The Righteous Gemstones
2019 · 4 Seasons · HBO · Comedy-Drama, Crime
Danny McBride has spent his career playing men whose confidence vastly exceeds their competence, and The Righteous Gemstones is the logical conclusion of that fascination. The show follows the Gemstone family, a dynasty of televangelists who run a megachurch empire while engaging in the kind of behavior that would make their congregation’s heads spin. Patriarch Eli Gemstone built the family’s wealth and influence, and his three adult children, Jesse, Kelvin, and Judy, spend most of their time fighting each other for position while trying to maintain a public image of righteousness. It premiered on HBO in August 2019 and ran for four seasons, wrapping up in May 2025.
Community response has been consistently positive, though the show occupies a specific niche that doesn’t generate the cultural conversation of HBO’s bigger dramas. Fans praise the ensemble performances, the show’s willingness to swing between broad comedy and surprisingly dark crime plotting, and the family dynamics that drive every storyline. Criticism tends to focus on uneven pacing across seasons and a tendency to introduce storylines that don’t always pay off with the same energy they started with.
The Gemstone Family Machine
John Goodman as Eli Gemstone is the show’s secret weapon.

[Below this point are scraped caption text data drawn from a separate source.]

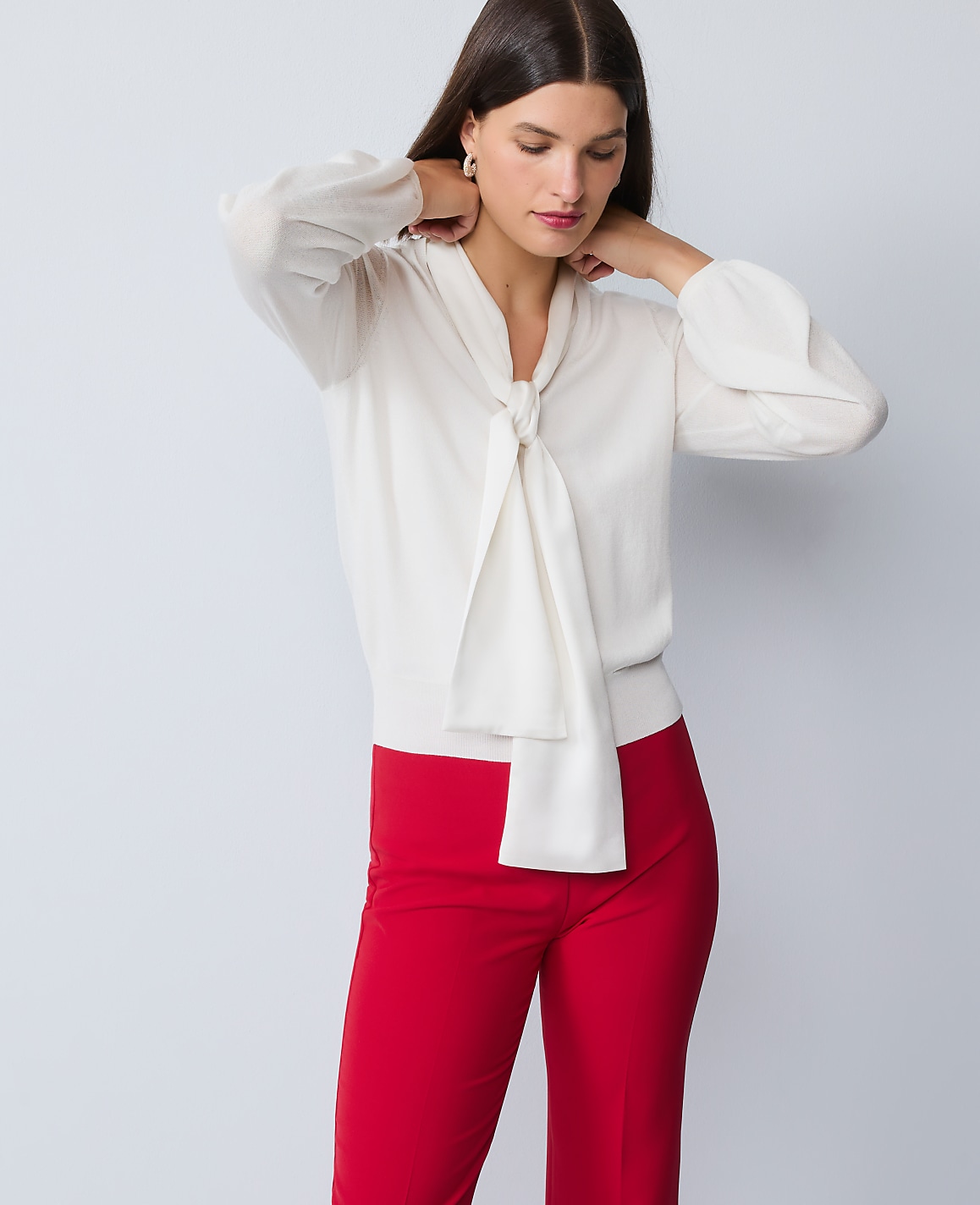 A woman in a cream bow-neck blouse and red pants stands against a plain gray background.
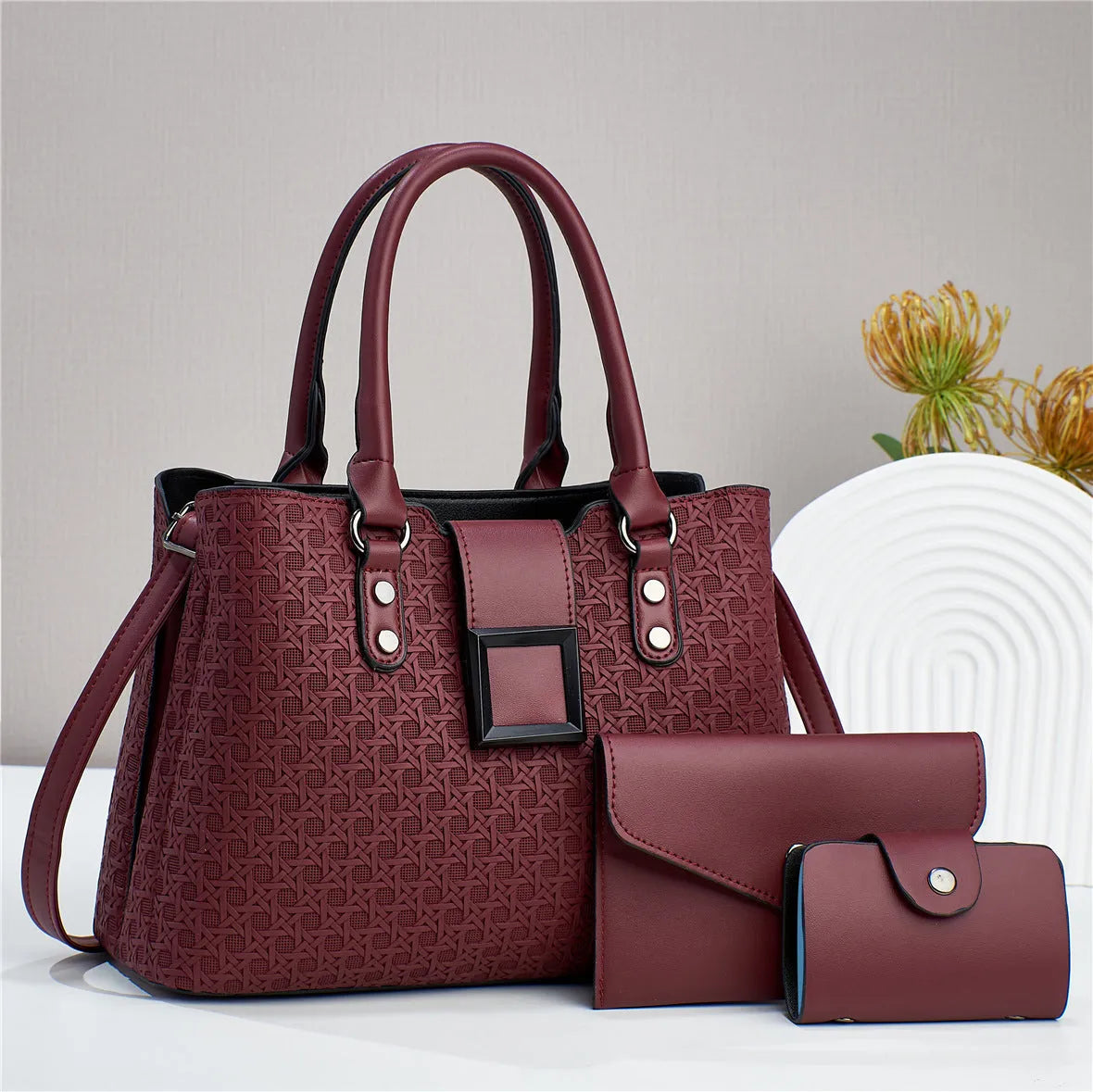 Three-piece women's crossbody bag set in seven colours with square vertical design and multiple compartments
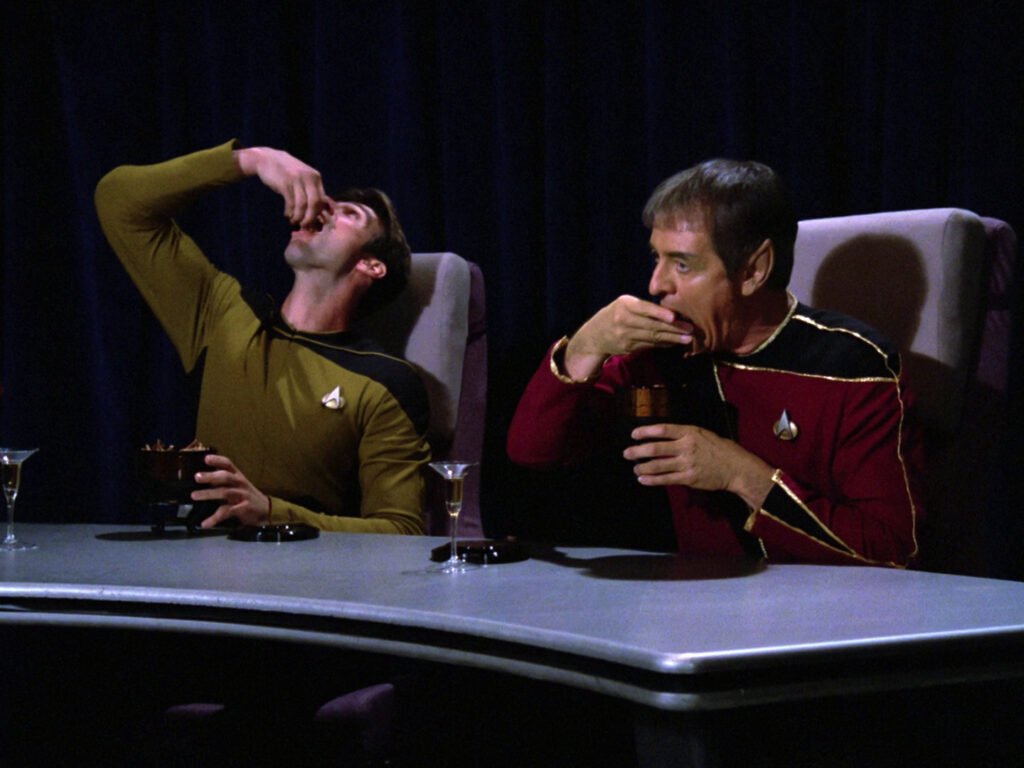 The obligatory "we love to eat something you find disgusting", to really show the mind-controlling aliens are weird and bad.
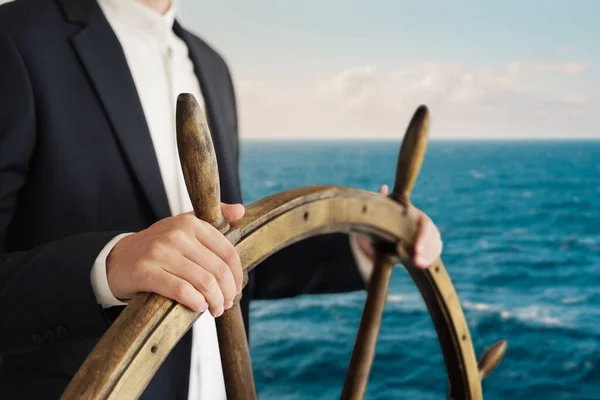 Businessman Holding Ship Rudder Navigates Ocean — Stock Photo, Image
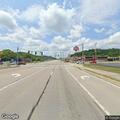 Driver reported drunk and throwing bottles near gas station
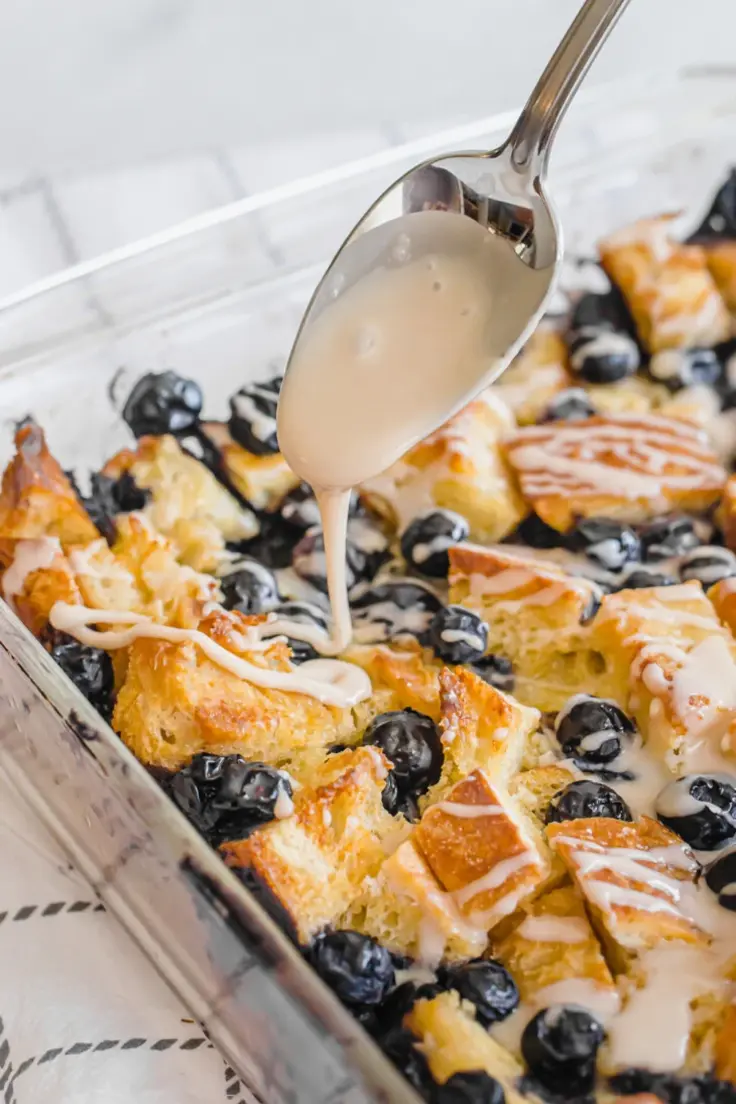 Easy Make Ahead Breakfast Ideas - Blueberry French Toast Casserole with Vanilla Glaze by Thriving Home Blog
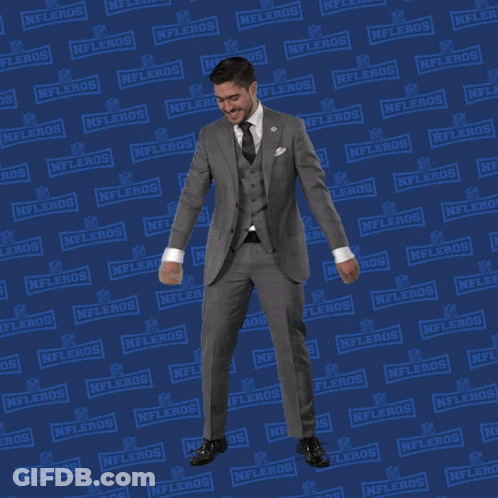 A Man In A Suit And Tie Is Dancing In Front Of A Nflers Sign GIF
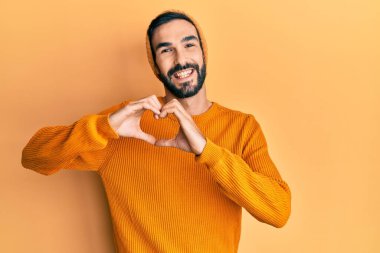 Gündelik kıyafetler giyen, aşık gülümseyen, elleriyle kalp sembolü yapan genç bir İspanyol. romantik kavram. 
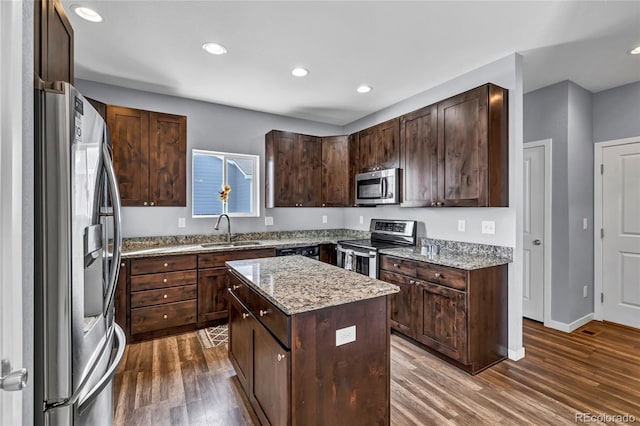 kitchen with dark brown cabinetry, sink, appliances with stainless steel finishes, dark hardwood / wood-style flooring, and a kitchen island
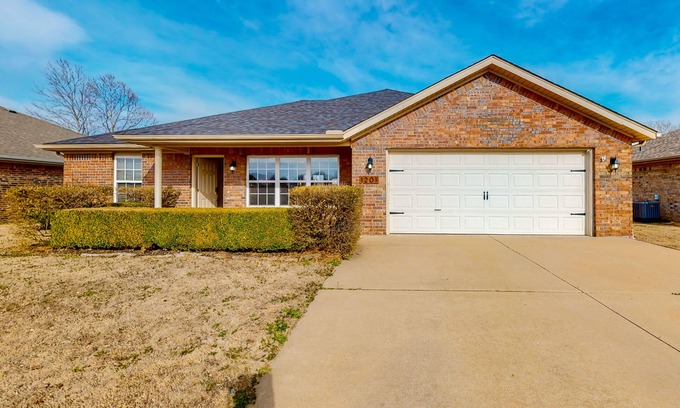 Bentonville House | Dog-friendly charmer with an enclosed yard, fireplace, jetted tub, W/D, and AC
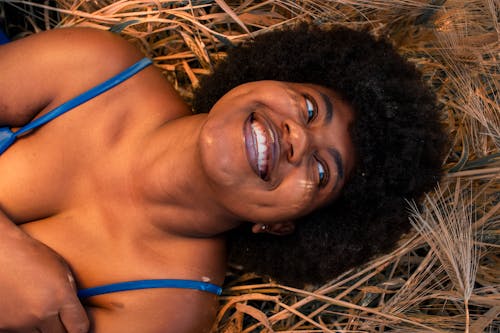 A Woman Lying on Brown Grass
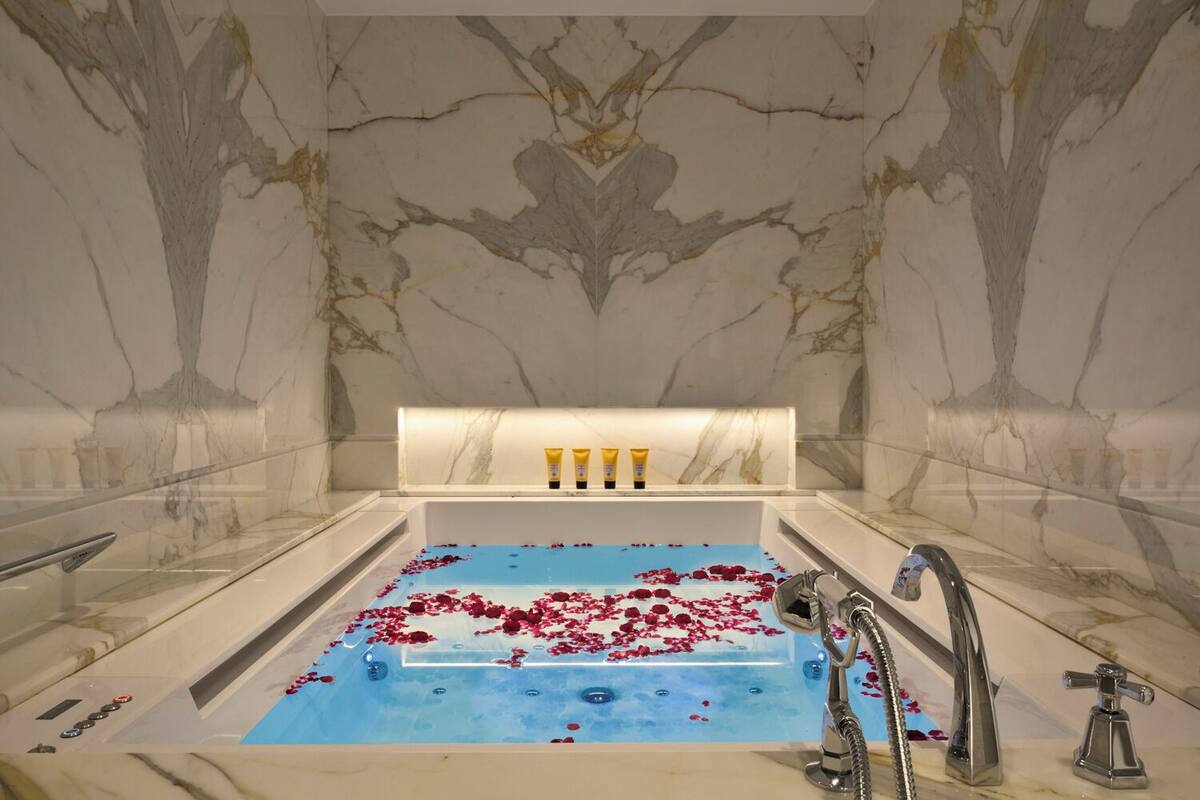 Ein Badezimmer aus Marmor mit einer Badewanne, Rosenblättern und Pflegeprodukten.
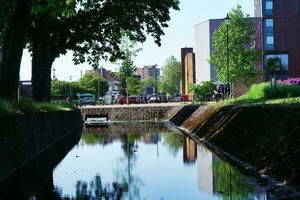 Beautiful Low Angle View of  Local Public Park and Edge of River Great Ouse of Historical Bedford City of England Great Britain of UK. The Image Was Captured on 28-May-2023 photo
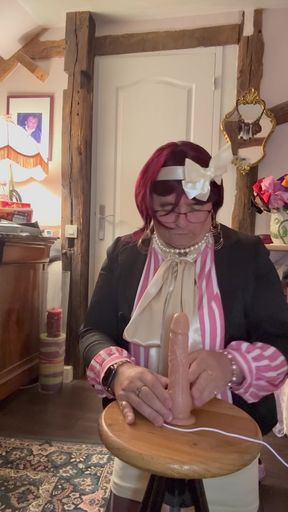 In an outfit with a little short skirt and a new blouse to suck a dildo at a party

In a cast full of performers playing characters with zero self-awareness, Goodman brings a gravity and sadness to Eli that gives the show its emotional foundation. Eli built the empire, knows exactly how corrupt it is, and carries the weight of that knowledge in every scene. His grief over his deceased wife, his exhausted love for his dysfunctional children, and his own compromised morality create the show’s most layered character.
McBride’s Jesse is a swaggering hypocrite whose sins keep threatening to surface, Adam Devine’s Kelvin is a youth pastor whose desperate need to be cool masks deep insecurity, and Edi Patterson’s Judy is a volcano of resentment and ambition who gets some of the show’s biggest laughs. The three siblings together create a combustible dynamic that drives nearly every plot. They love each other, hate each other, and cannot stop competing for their father’s approval, and that cocktail produces comedy and drama in equal measure.
The show’s satire of megachurch culture is broad but well-observed. The prosperity gospel theology, the multimedia branding, the stadium-sized worship experiences, the gap between public piety and private behavior: McBride and his writers know this world well enough to satirize it with specificity rather than relying on easy caricature. The comedy comes from the characters taking their contradictions completely seriously, never winking at the audience or acknowledging their own hypocrisy.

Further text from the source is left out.